→ **Work instruction**:
Quote the material exactly from the line that contains "OSALADI 1 Set" through its last line. Any pictures are to be left out.

→ **Given information**:
Start of Block

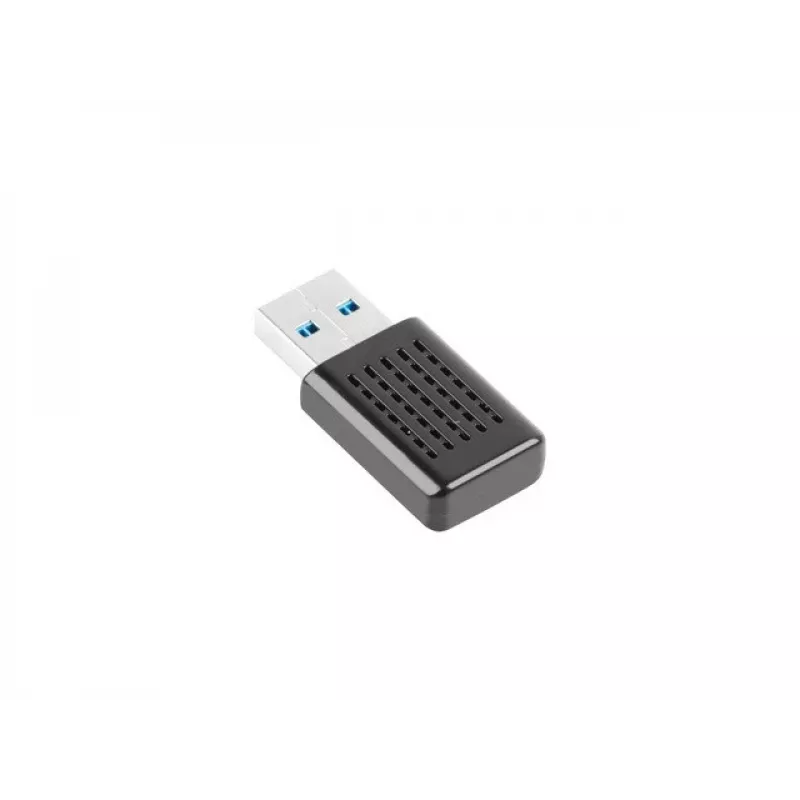 Lanberg NC-1200-WI adaptador WiFi USB 3.0 AC1200 de banda dupla, 2 antenas internas, preto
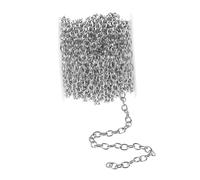 OSALADI 1 Set di Catene per Gioielli A Catena Incrociata Maglie per La Creazione di Gioielli Anelli di Congiunzione Anelli per La Creazione di Gioielli Nome Chiave Piccole Forniture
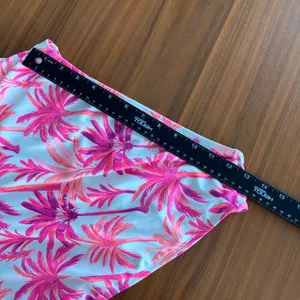 Shade & Shore One Piece Swimsuit L Pink Purple Palm Tree Beachy Tropical Whimsy thumbnail 12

End of Block

→ **Answer space**:
 OSALADI 1 Set di Catene per Gioielli A Catena Incrociata Maglie per La Creazione di Gioielli Anelli di Congiunzione Anelli per La Creazione di Gioielli Nome Chiave Piccole Forniture
 Shade & Shore One Piece Swimsuit L Pink Purple Palm Tree Beachy Tropical Whimsy thumbnail 12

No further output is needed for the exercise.